Look Again calls out for artists and designers to be part of 2019 Art Weekender

Monday 12 November 2018

Look Again calls out for artists and designers to be part of 2019 Art Weekender
The team behind the Look Again Art Weekender are calling for applications for the annual ‘Seed Fund’, which provides funding and support for artists and designers with a strong link the North-east.

Look Again, which is part of Gray’s School of Art at RGU, is helping to create a new narrative in the city of Aberdeen, reappraising the value of its significant cultural and creative assets.  

Importantly, it also provides creative practitioners with opportunities to develop their professional practice in the city, retaining and supporting talent.

In 2019 the theme is ‘New Narratives’, reflecting both on changes in the city and in the wider world during this year.

Look Again is now inviting creative practitioners to propose new work which reflects this theme, for presentation to the public during the Art Weekender in June 2019. 

There are four spaces available, each with a budget of £2,500, covering fee, materials, production and installation costs.

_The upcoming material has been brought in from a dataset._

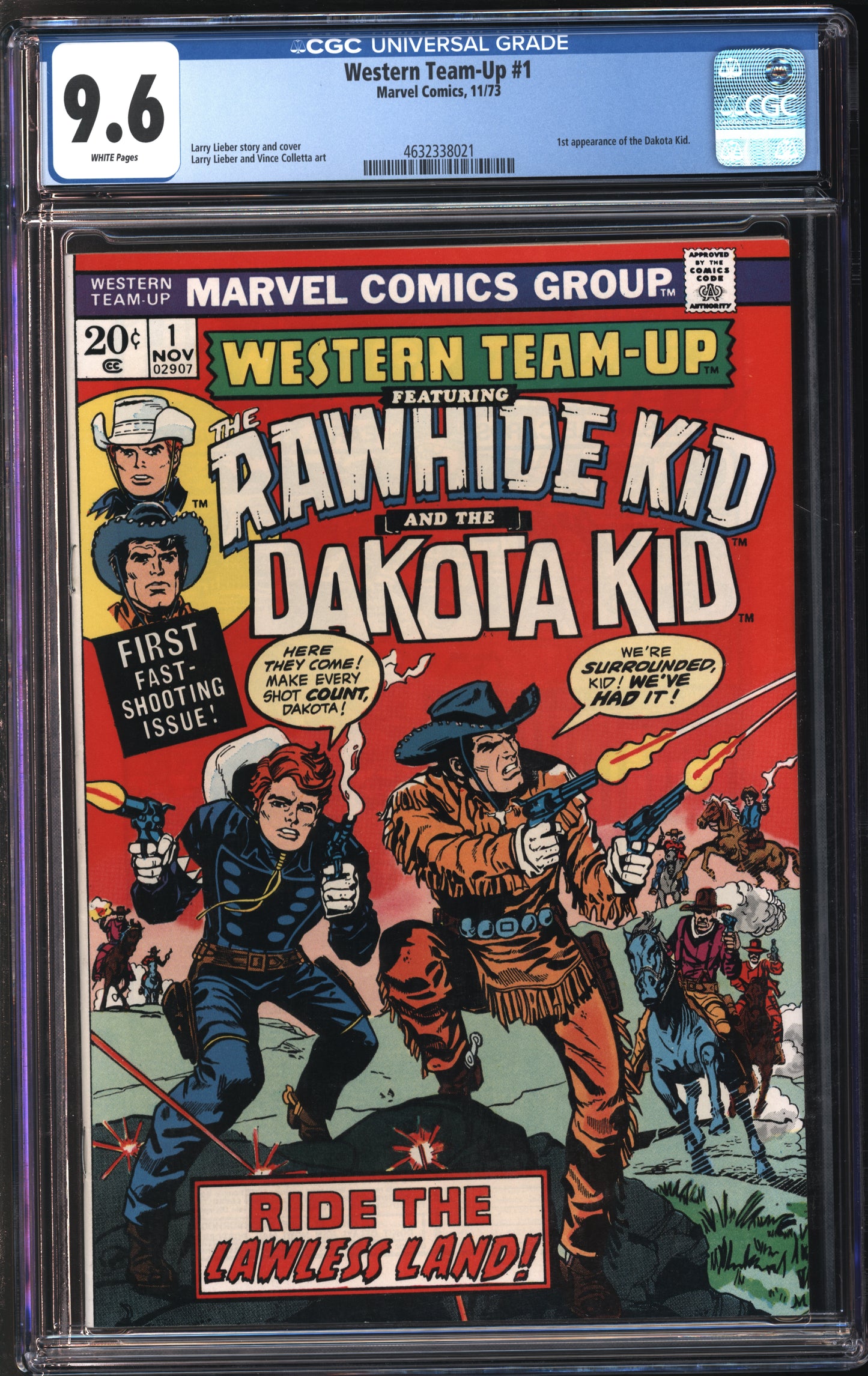 Marvel Comics Western Team-Up #1 11/73 CGC 9.6 White Pages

Look Again Director, Sally Reaper, commented: “The Seed Fund is a call out to artists for ideas that require new skills, explore new materials, or use methods or scales that are unfamiliar to them.

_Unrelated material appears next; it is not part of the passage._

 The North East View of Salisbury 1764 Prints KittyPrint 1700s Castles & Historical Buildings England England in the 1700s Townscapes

“We want to encourage this creativity and help to support artists and designers to realise something which they may not have thought possible.

“Since launching the Seed Fund in 2017, we have supported eight creative practitioners, which has resulted in a series of engaging, reflective and resonant art works which animate the city in new ways.

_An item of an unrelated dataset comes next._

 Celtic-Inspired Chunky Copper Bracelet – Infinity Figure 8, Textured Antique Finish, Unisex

One of the recent Seed Fund artists was Ellie Tunrer, a Scottish artist and designer who graduated from Gray’s School of Art in 2016 and exhibited her Wonder Chamber at the 2018 Festival.

The Wonder Chamber was an array of material explorations that celebrate play and stimulation.

Ellie’s work looked to highlight the importance of sensory stimulation, particularly for those with Autism, through engagement with innovative material explorations.

In 2017, Janet McEwan worked on a project with local musicians and the only carilloneur in Aberdeen, Ronald Leith, to develop a series of contemporary songs which were played on the carillon of bells in The Kirk of St Nicholas, or The Mither Kirk, on Aberdeen’s Union Street, throughout the festival.